Meek (center) joins Miami-Dade County Mayor Alex Penelas (left) in teaching youth to swim at an event in July 1998

Meek served in the Florida House of Representatives from 1995 to 1998. While in the Florida House, Meek worked on various economic and social justice issues. This work culminated in building out a bipartisan coalition to provide compensation for Freddie Lee Pitts and Wilbert Lee, two African Americans who were falsely convicted of murder 35 years earlier.

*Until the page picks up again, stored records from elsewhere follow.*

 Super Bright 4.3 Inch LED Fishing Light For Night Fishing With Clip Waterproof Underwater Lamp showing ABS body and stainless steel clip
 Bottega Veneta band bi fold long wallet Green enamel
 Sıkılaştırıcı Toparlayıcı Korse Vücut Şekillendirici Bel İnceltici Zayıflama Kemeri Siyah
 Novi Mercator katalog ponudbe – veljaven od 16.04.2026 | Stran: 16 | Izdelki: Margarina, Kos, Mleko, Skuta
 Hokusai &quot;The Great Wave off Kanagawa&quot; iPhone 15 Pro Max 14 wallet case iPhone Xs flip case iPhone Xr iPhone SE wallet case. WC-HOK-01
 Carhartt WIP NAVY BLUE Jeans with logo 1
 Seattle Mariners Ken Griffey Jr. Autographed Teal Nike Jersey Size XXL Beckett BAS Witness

Nineteen different attempts to pass legislation in the state legislature were defeated by a traditional Southern Democratic faction of conservative legislators from the Florida Panhandle. In 1998, Meek reintroduced the bill in the Florida House and successfully allied with Republicans to pass it.

==Florida State Senate==

From 1998 to 2002, Kendrick Meek was a member of the Florida Senate.

===One Florida sit-in===

Meek, along with fellow member Rep. Tony Hill, staged a sit-in protest in Governor Jeb Bush's office in January, 2000. The sit-in lasted for 25 hours, with the central issue being a newly implemented "One Florida" plan to end official race/gender preferences in state government. Meek said he and Hill staged the sit-in after they tried but were unable to get "a meeting with the governor— two members of the Florida legislature. Then the governor came in and was barking at us as though we were children, saying that if we expect for him to rescind his executive order, then we might as well order some blankets and get comfortable, which we did." According to Tom Bearden, when Hill and Meek tried to meet with the Governor, "tempers flared". The two lawmakers and Bush ended the sit-in after Bush agreed to delay implementation of the plan.

In February 2000, Meek said lawsuits might be filed to challenge university regents' authority to use the One Florida Initiative. "I thank God for using you to bring us to this point." Meek and Hill issued a press release on June 23, 2003, applauding the Supreme Court for upholding the legality of affirmative action and criticizing Bush for his One Florida Initiative, calling for an end to the initiative in light of the Supreme Court's ruling, because the initiative has "only served to divide Florida along racial lines." Governor Bush pointed to the .3% increase in minority enrollment in Florida public-universities between 2002 and 2003 as evidence that the One Florida Initiative was working. Meek responded by accusing Bush of throwing out numbers to 'fake out' Floridians, telling Bush he had "better check those numbers two or three times. It's been a struggle for students of African-American descent. That's where the historical discrimination has been." Florida Atlantic University is the only school that had an increase in African-American freshmen, from 17.2% freshman in 2002 to 18.9% in 2003.

===Class size amendment===
In 2002, Meek launched an initiative to reduce class sizes in Florida's public schools. The amendment would set the maximum class sizes of pre-kindergarten through 3rd grade classes to 18, 4th through 8th grade classes to 22, and high school classes to 25. It would also require schools to reduce class sizes by two students in 2003 and to reach full compliance by the beginning of the 2010 school year.

Supporters of the amendment, including People for the American Way, Florida Education Association, and Florida NAACP, focused on large classes in many urban areas of Florida which had as many as 40 students: Meek said, "[for] the first time parents will have a chance to vote on something they've always wanted and that is smaller class sizes." Then-Florida governor Jeb Bush and state legislature Republicans opposed the bill because it was unclear how much the amendment would cost: "While this may be a worthy goal, we still have to ask the question, where will the money come from?" said Liz Hirst, press secretary to Governor Bush.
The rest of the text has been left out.